One friend suggested that Iowa has a, um, relevant ethnic similarity with the part of Chicago containing Wrigley Field.  But Chicagoan tell me that the ethnic identification of White Sox fandom is historically Irish, not African-American.

My best guess is that it’s WGN, a mainstay of basic cable for decades which may have spread Cubs fandom across the nation the way TBS did for the Braves.  But then one asks:  in 1950, before TV, was there more parity between Cubs and White Sox fans?  Who did people in Des Moines and Indianapolis (and for that matter Milwaukee and Minneapolis) mostly cheer for back then?

And what about New York, back when there were three native teams of about the same age?  Did fans in Poughkeepsie and Rahway split evenly between Yankees, Dodgers, and Giants?  What about the Phillies and the original A’s?

## Mariners 6, Orioles 5

I took CJ with me to Seattle, where I was giving a talk at the American Statistical Association meetings, and what luck — the Orioles were in town!  So we took in this game.

Observations:

• I’ve never seen so many Orioles fans at an away game.  In fact, I kept seeing people in O’s gear all over Seattle.  Are they strangely popular in the PNW?  Or is it just that four years of winning has made it safe to wear orange and black in public?
• First trip to SafeCo, a great field on the underrated Miller Park model.  The retractable roof here doesn’t open and close; it slides over the top of the stadium like an umbrella.  When it’s open, the roof hangs over the railroad tracks adjoining the park, and when a train comes by, the whistle echoes off the roof into the stadium, and it is awesome.
• The Mariner dog is an unusually good ballpark dog.  As big as a brat, nicely blackened, good snap.  Well worth seven dollars.  The signature SafeCo food — at least, everyone around us had it — was garlic fries.  I’m sorry Seattle but these are not that good.  Huge heap of fries with a bunch of minced garlic and parsley on top.  Impressive to look at, but impossible to keep the garlic on the fries as you eat, and the fries get cold and depressing very quickly.
• Nice sunburned-looking blond couple in front of us turned out to be Dutch people whose son, they said, played for the Orioles in the Netherlands.  What could they have meant?  I think maybe he plays for these guys? But are they actually affiliated with the Orioles?  Mysteries of honkbal.
• “Dad has to catch a fly ball in a cowboy hat to win him and his kid Mariners tickets” is a great pregame promotion.  Every team should do this.

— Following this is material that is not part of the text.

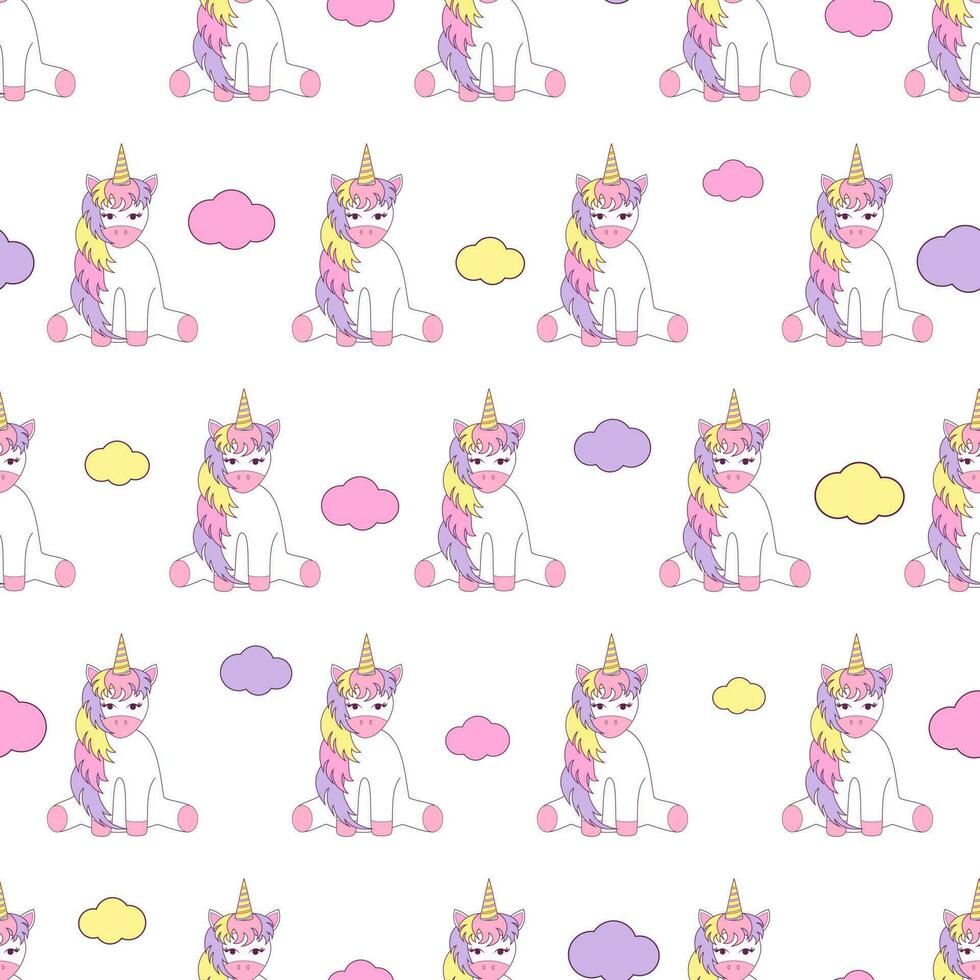 Vector seamless children's pattern. Unicorns with clouds.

The game started out looking like a laugher; terrible defense and baserunning on both ends and the first inning ended with the Mariners up 4-2.  Then nothing happened for a long time.  Seattle’s Taijuan Williams wasn’t really dominant but the Orioles couldn’t really get a big hit.  Tillman got hit in the arm with a batted ball, and was bad anyway, and was out after 2 1/3, but the usual succession of long relievers shut down Seattle.  I told CJ “this team has an explosive offense and can score a bunch of runs at any time” and just then Adam Jones sneaked one over the left field fence to make it 5-4 and then Chris Davis came up.  He has grown a super-weird mustache, which CJ and I had been admiring on TV at the end of the previous night’s contest.

Davis says it helps him hit home runs and I guess so because he immediately launched a no-doubter so far into right it could have beat Ted Cruz in a primary. Maybe the best home run I’ve seen since the grand slam Jim Thome hit against the Orioles at U.S. Cellular. Did I blog that? Oh yeah, I did.

So we’re tied at 5, and we go into extras, T.J. MacFarland coming in for his third inning of work.  He faces the bottom of the order and loads the bases with one out.  Britton pitched 1 2/3 the previous night and is unavailable.  But you have O’Day warmed and ready.  Yes I know you want to save him to close, but at what point do you bring him in?  Would you rather lose with your best reliever waiting in the bullpen?  That’s what happened; McFarland stayed in to face Austin Jackson, who lashed a ball that landed about a centimeter inside the foul line and that was the ballgame.

Unusually bearable loss; much easier to take than if the Orioles had laid down and accepted that they were going to get beat by the runs they allowed in the first.